El sábado que viene celebramos la batalla del mes, que será la de Balaclava (Guerra de Crimea, 1854-1856), que enfrentó a rusos contra ingleses y franceses, y de la que salieron un poco peor parados los rusos. No todos los días se juega una batalla de esta guerra, así que creo que será un poco especial. La batalla ha pasado a la historia porque en ella se produjo uno de esos hechos calificados como absurdos por la historia militar, como fue la famosa carga de la brigada ligera llevada a cabo por poco más de 600 jinetes británicos dirigidos por Lord Cardigan contra el grueso de la infantería rusa, que significó la muerte de muchos de ellos. La inutilidad de la acción, por falta de información y errores en las órdenes, fue incluso motivo de debate en Londres, donde Lord Cardigan tuvo que explicar lo que había ocurrido. Churchill quiso visitar el lugar de la batalla en 1945, cuando se celebró la Conferencia de Yalta.
Nosotros revisitaremos el campo de batalla a nuestra manera el sábado y disfrutaremos de una gran batalla, estoy seguro. Eso sí, como ruso, espero que gane la Gran Madre Rusia y dé una lección a los engreídos ingleses y franceses, ja,ja.

4 de febrero de 2009

Batalla de Tívoli


origen de la imagen

El pasado fin de semana celebramos la partida del mes.
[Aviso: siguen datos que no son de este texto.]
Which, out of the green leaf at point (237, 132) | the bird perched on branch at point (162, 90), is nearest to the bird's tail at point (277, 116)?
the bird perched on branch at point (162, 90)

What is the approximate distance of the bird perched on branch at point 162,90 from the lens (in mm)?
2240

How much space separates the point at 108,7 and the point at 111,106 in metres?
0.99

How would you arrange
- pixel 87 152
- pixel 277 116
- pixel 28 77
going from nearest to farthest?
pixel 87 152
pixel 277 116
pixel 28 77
Esta vez el árbitro fue Jose Luis y diseño un escenario no histórico ambientado en la época naopleónica a la que llamó batalla de Tivoli.

La experiencia fue bastante positiva y original. Inicialmente los comandantes en jefe fueron los que eligieron a los compañeros de equipo. Generalmente solemos echarlo a suertes o en otros casos es el árbitro el que impone los equipos. Después se pasó el mapa a dichos Comandantes con los posibles objetivos y el orden de batalla. El Comandante debía de asignar objetivos a los diferentes generales. Si los cumplían obtenían puntos. Si en el proceso sufrían bajas se le quitaban puntos.

Otra originalidad. Cada general salía por un sitio y no teníamos ni idea de por donde podía venir el enemigo, ni por supuesto que cantidad y calidad tenían sus tropas. Adicionalmente, en el campo de batalla podríamos encontrar "sorpresas".

La verdad es que salió una partida bastante dinámica y entretenida en el que por un lado se enfrentaron Pedro y Vicente contra Jose y Juanjo por la posesión de un pueblo. Y por otro nos enfrentamos Manolo, Jose Antonio y Vicente contra Fran y yo. Jose aguantó valientemente las embestidas de los rusos y austriacos en el pueblo, mientras que Fran y yo fuimos sistemáticamente machacados por los franceses y españoles. La caballería de Juanjo acabó por dar la puntilla a los austriacos dirigidos por Pedro. En nuestro sector de mi caballería no quedaron ni las herraduras y los británicos fueron barridos por las columnas francesas despues de un último y desesperado intento de romper las líneas enemigas. El bando franco-español se alzó con una victoria merecida.


Para el próximo enfrentamiento Juanjo ya ha diseñado el escenario. Volveran a enfrentarse los franceses, los británicos y los rusos. Pero esta vez será en Balaclava.